The advantages of the present invention can be demonstrated by an in vitro (exvivo) permeation test of the abdominal skin of male nude mice performed according to the following protocol:
the surface area previously cut with a hollow punch was 2.54cm2The transdermal patch of (1), placed at 3.14cm2The amount of hormone (i.e., steroid hormone) released was measured on the skin of the belly of a round nude mouse using a glass tube kept at a constant temperature of 37 c. The glass tube was provided with a receiving chamber having a volume of 11.5ml and containing a receiving phase consisting of an isotonic solution/PEG 400 mixture (75/25; v/v).
Samples of the receiving solution were taken at 2, 4, 6, 8, 12, 16, 20 and 24 hours and analyzed by liquid chromatography. To obtain the different results caused by the intrinsic permeability of these skin samples, permeation experiments of transdermal patch samples were performed on a minimum of 3 to 5 skin samples. The results presented are the average values obtained from each patch of these experiments.
The following is 17-. beta. -estradiol (F) obtained in the case of patches 1-7ES) And/or norethindrone acetate (F)NETA) Average skin absorption flux of (1):
patch 1: FNETA=0.35±0.16μg/cm2/h
Patch 2: FES=0.2±0.07μg/cm2/h
FNETA=0.39±0.1μg/cm2/h
Patch 3: FEs=0.61±0.08μg/cm2/h
Patch 4: FES=0.57±0.13μg/cm2/h
FNETA=0.57±0.17μg/cm2/h
Patch 5: FNETA=0.5±0.03μg/cm2/h
Patch 6: FNETA=0.47±0.05μg/cm2/h
Patch 7: FNETA=0.89±0.12μg/cm2/h
Tables I to V illustrate the reduction in surface area of the systems of the invention in the case of simultaneous transdermal delivery of 17-beta-estradiol and norethindrone acetate, relative to the comparative system formed by two side-by-side patches of a single active ingredient.

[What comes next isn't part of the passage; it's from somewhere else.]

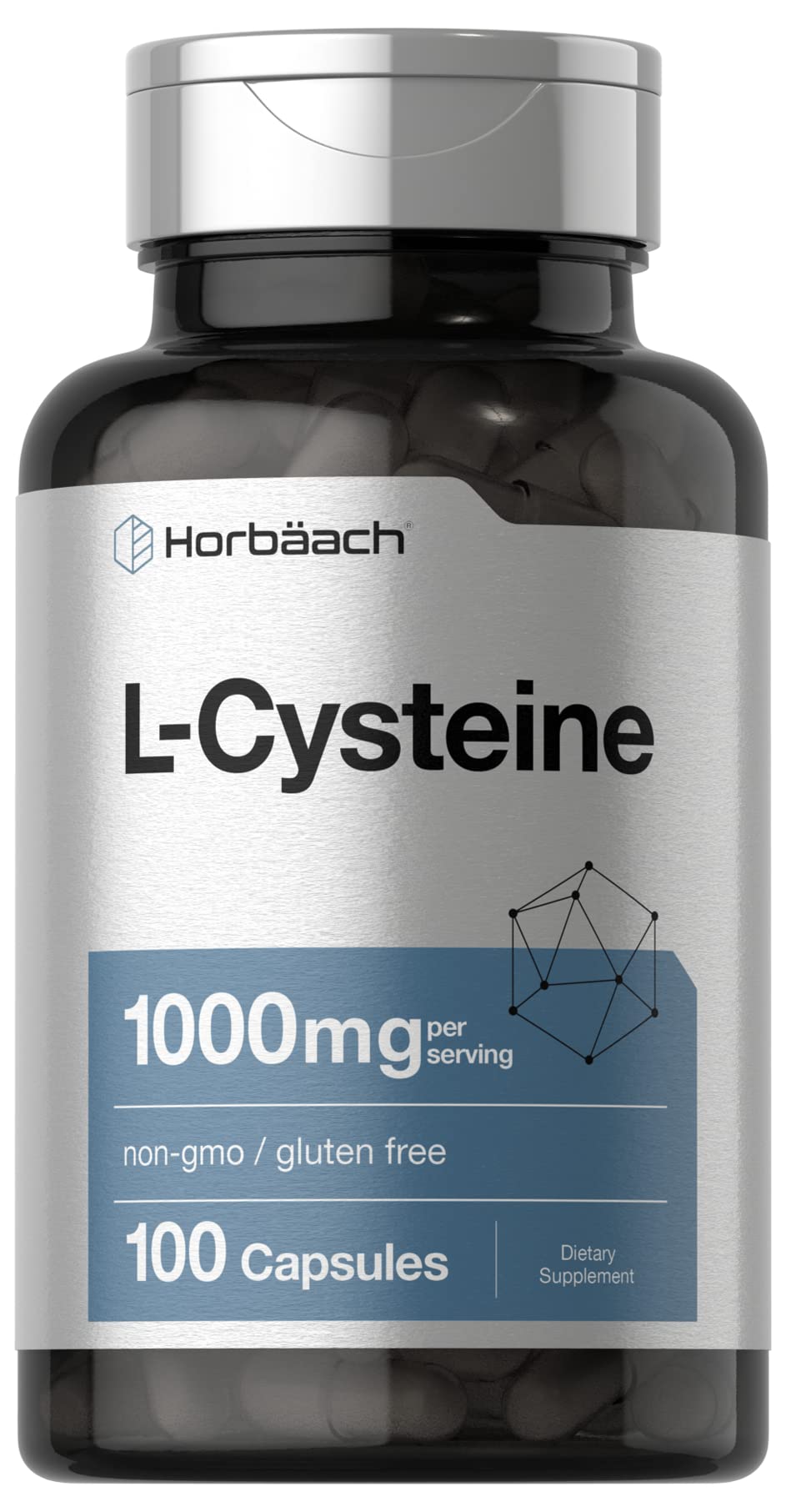 Foto 2 pulgar | Suplemento Horbäach L-cisteína 1000 Mg 100 Cápsulas - Venta Internacional.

Table I compares inventive System I, consisting of Patches 4 and 5, with comparative System Ia, consisting of Patches 3 and 5.

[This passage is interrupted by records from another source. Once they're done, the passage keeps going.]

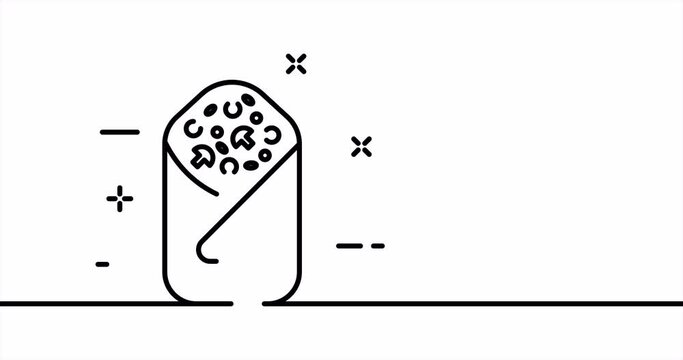 Shawarma. Eat, fast food, junk, tasty, delicious, calories, fat, products. Eating concept. One line drawing animation. Motion design. Animated technology logo. Video 4K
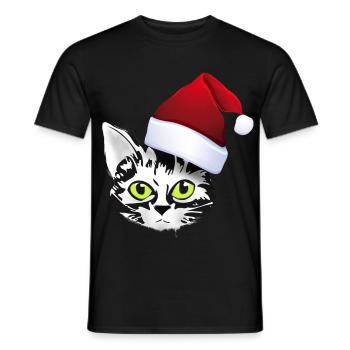 cat xmas christmas santa cat cute cute lol - Men's T-Shirt - black - Front - AI Model Male 178 light (178cm)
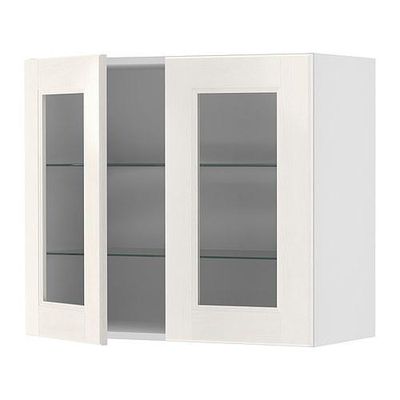 ФАКТУМ Навесной шкаф с 2 стеклянн дверями - Рамшё белый, 80x92 см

Table II compares inventive System II consisting of Patches 2 and 1 with comparative System IIa consisting of Patches 3 and 1.

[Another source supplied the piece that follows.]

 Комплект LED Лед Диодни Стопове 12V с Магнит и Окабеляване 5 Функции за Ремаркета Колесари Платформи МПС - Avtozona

Table iii compares the inventive system iii consisting of patches 4 and 1 with the comparative system iiia consisting of patches 3 and 1.
Table IV compares the inventive system IV consisting of patches 4 and 6 with a comparative system IVa consisting of patches 3 and 6.
Table v compares inventive system v, consisting of patches 4 and 7, with comparative system va, consisting of patches 3 and 7.
The abbreviations used in these tables have the following meanings:
SD1 denotes the surface area of the base patch in cm2And (4) showing.
SD2 denotes the surface area of the patch in cm2And (4) showing.
S represents the total surface area in cm of a system formed by two patches arranged side by side2And (4) showing.
G represents the reduced surface area, expressed in percentage, of the system of the invention (represented in the second row of the table) compared with a system formed by two patches, each containing one active ingredient, juxtaposed (represented in the first row of the table).
In the system of the present invention, the base patch contains a mixture of 17- β -estradiol and norethindrone acetate, whereas in the comparative system, it contains only 17- β -estradiol.
The patch contains norethindrone acetate only. TABLE I
| SD1 | SD2 | S | G | |
| Comparative System Ia | 3.4 | 20.8 | 24.2 | |
| System I | 3.6 | 16.7 | 20.3 | 16.1 |
TABLE II
| SD1 | SD2 | S | G | |
| Comparative System IIa | 3.4 | 29.8 | 33.2 | |
| System II | 10.4 | 18.1 | 28.5 | 14.1 |
TABLE III
| SD1 | SD2 | S | G | |
| Comparative System IIIa | 3.4 | 29.8 | 33.2 | |
| System III | 3.6 | 23.8 | 27.4 | 17.3 |
TABLE IV
| SD1 | SD2 | S | G | |
| Comparative System IVa | 3.4 | 22.2 | 25.6 | |
| System IV | 3.6 | 17.7 | 21.3 | 16.8 |
TABLE V
| SD1 | SD2 | S | G | |
| Comparative System Va | 3.4 | 11.7 | 15.1 | |
| System V | 3.6 | 9.4 | 13 | 13.9 |
In the context of the present invention, it is desirable to deliver the following therapeutically effective doses:
-release of 50 μ g17- β -estradiol every 24 hours, and
-release of 250 μ g norethindrone acetate every 24 hours.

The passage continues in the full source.